• _Activity_: Every line below from the one containing "How Wireless Charging" through the one containing "Photo '15' of Suzuki Liana Glxha2" must be transcribed exactly. Omit all lines outside that stretch.

• _Supplied data_:
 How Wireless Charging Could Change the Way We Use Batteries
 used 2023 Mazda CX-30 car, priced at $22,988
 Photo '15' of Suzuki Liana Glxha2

...

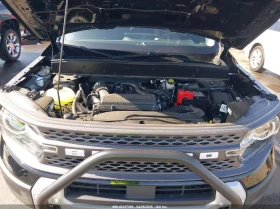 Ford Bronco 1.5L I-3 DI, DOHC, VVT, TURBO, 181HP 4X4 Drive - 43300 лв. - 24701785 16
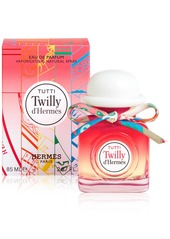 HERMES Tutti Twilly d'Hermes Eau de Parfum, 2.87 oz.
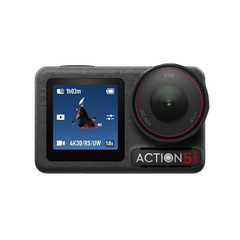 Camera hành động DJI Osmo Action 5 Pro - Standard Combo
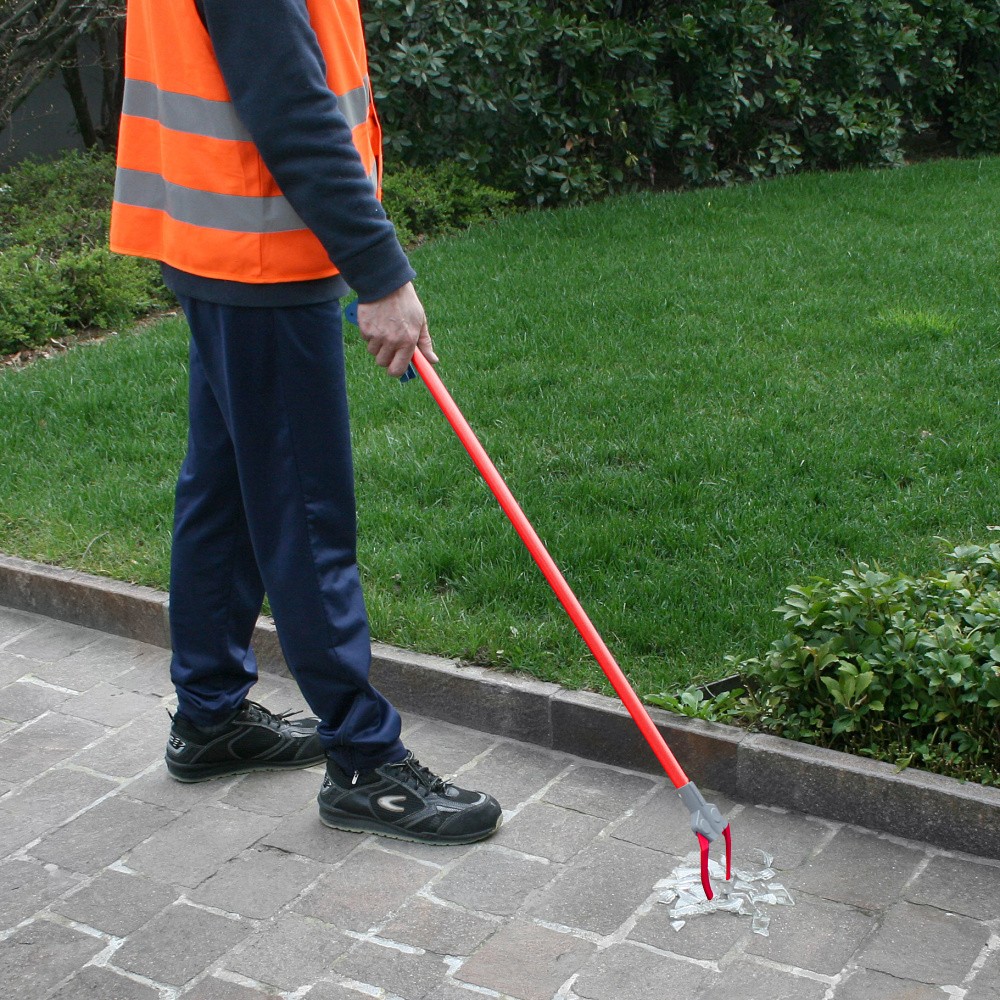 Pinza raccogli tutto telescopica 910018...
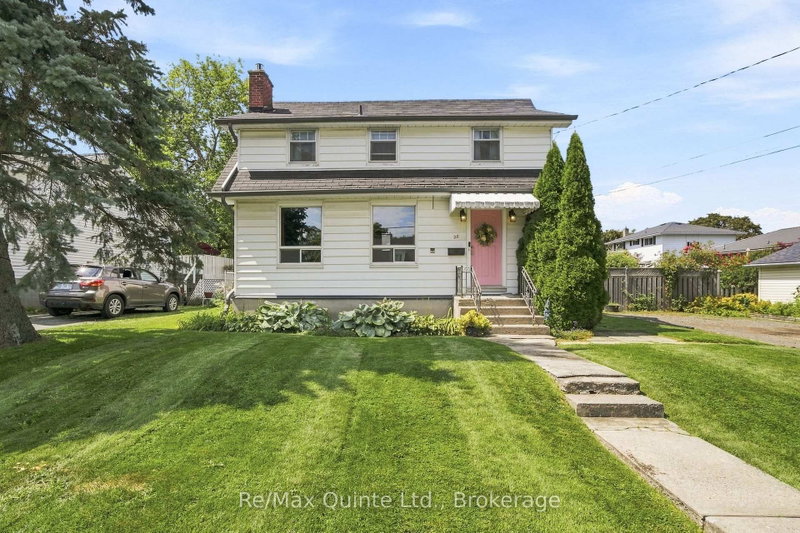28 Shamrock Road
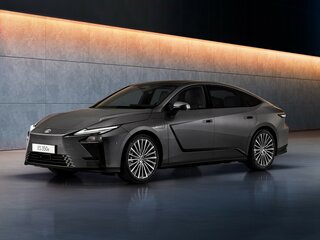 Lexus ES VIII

* * *

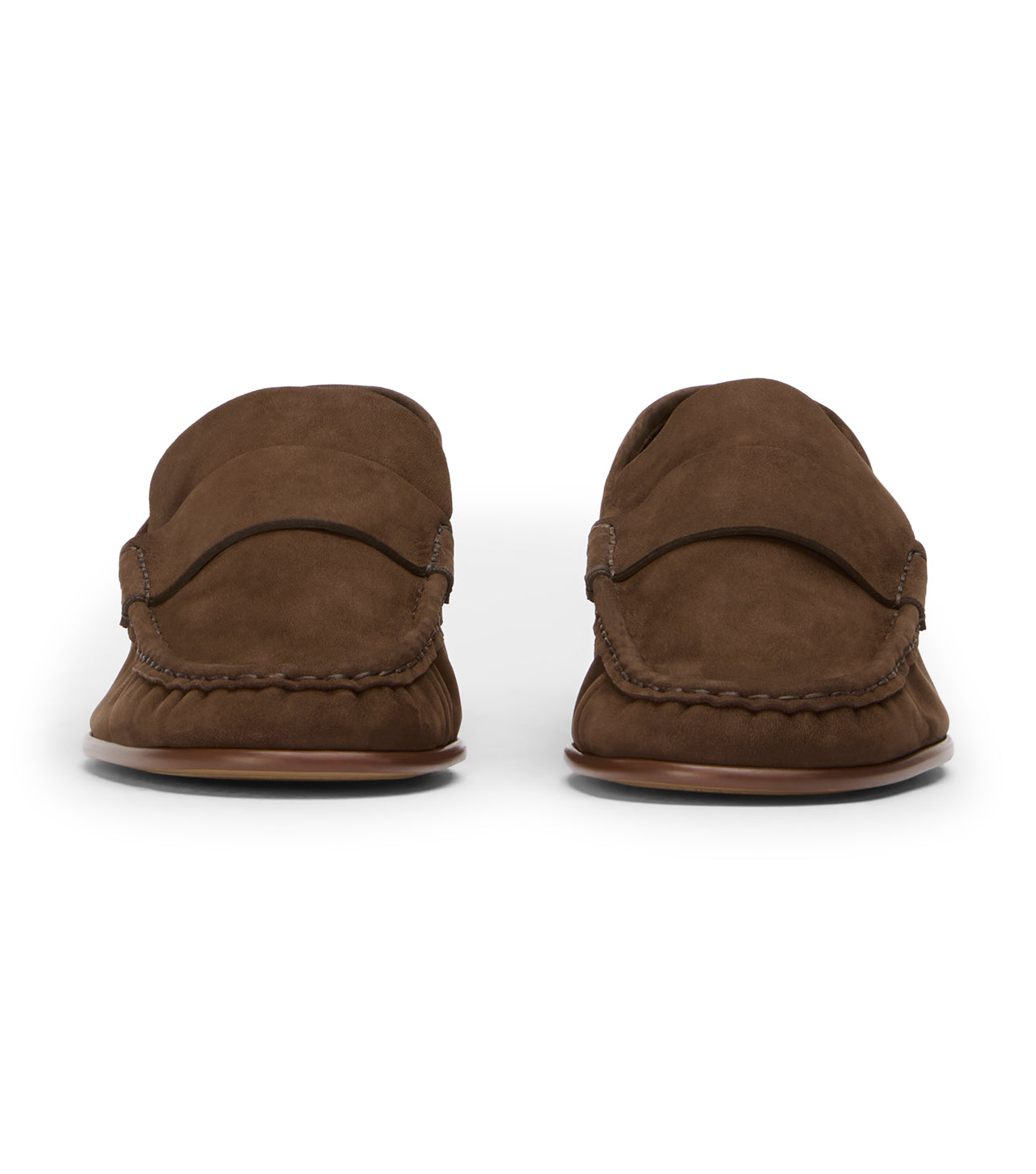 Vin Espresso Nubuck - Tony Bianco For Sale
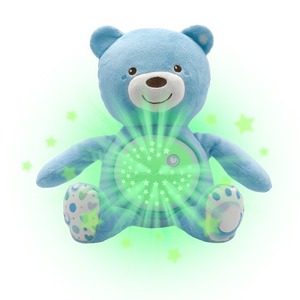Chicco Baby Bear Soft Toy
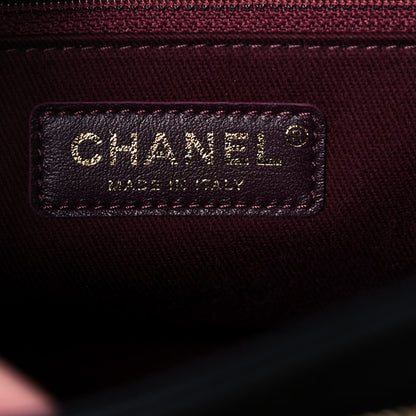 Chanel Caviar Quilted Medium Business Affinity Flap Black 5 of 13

• _Reply to the exercise_:
 How Wireless Charging Could Change the Way We Use Batteries
 used 2023 Mazda CX-30 car, priced at $22,988
 Photo '15' of Suzuki Liana Glxha2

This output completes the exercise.